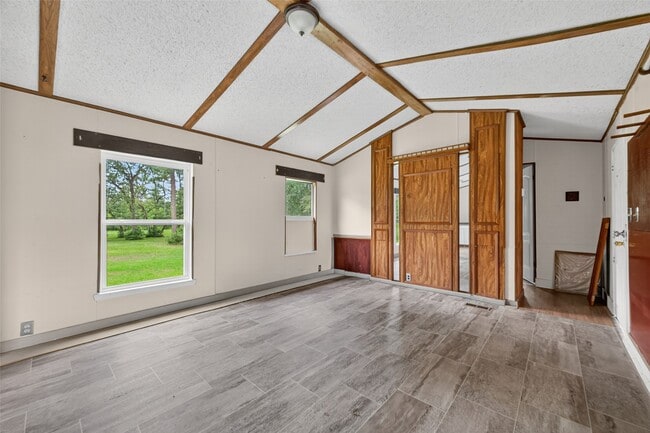 Building Photo - 25862 Clark Rd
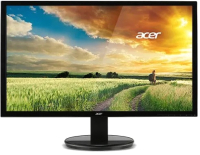 

Монитор Acer, K242HQL bid
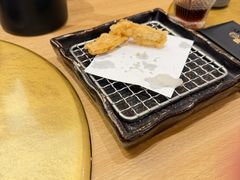 -鮨政· Omakase(港汇恒隆广场店)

####################

• ACTIVITY: Please copy the data above exactly, omitting the pictures.

• EXERCISE SOLUTION:
 Building Photo - 25862 Clark Rd

Монитор Acer, K242HQL bid
 -鮨政· Omakase(港汇恒隆广场店)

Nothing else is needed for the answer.